* [EXERCISE BRIEF]: Would you write out each line of the material below exactly, skipping every picture?

* [GIVEN DATA]:
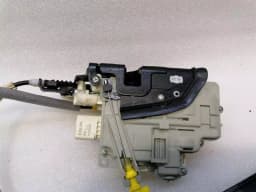 BENTLEY Bentley Bentayga 36A MK2 Front Left Door Lock 4M2837015D Right Hand Drive RHD — thumbnail 6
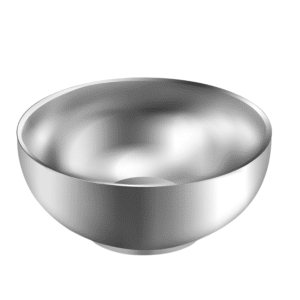 Decakila 13.7 x 5.8cm Stainless steel bowl - KMTT153M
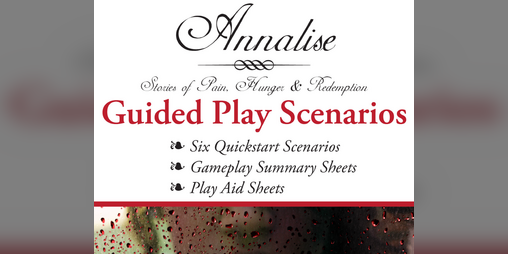 Cover image for Annalise Guided Play Scenarios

* [YOUR SOLUTION]:
 BENTLEY Bentley Bentayga 36A MK2 Front Left Door Lock 4M2837015D Right Hand Drive RHD — thumbnail 6
 Decakila 13.7 x 5.8cm Stainless steel bowl - KMTT153M
 Cover image for Annalise Guided Play Scenarios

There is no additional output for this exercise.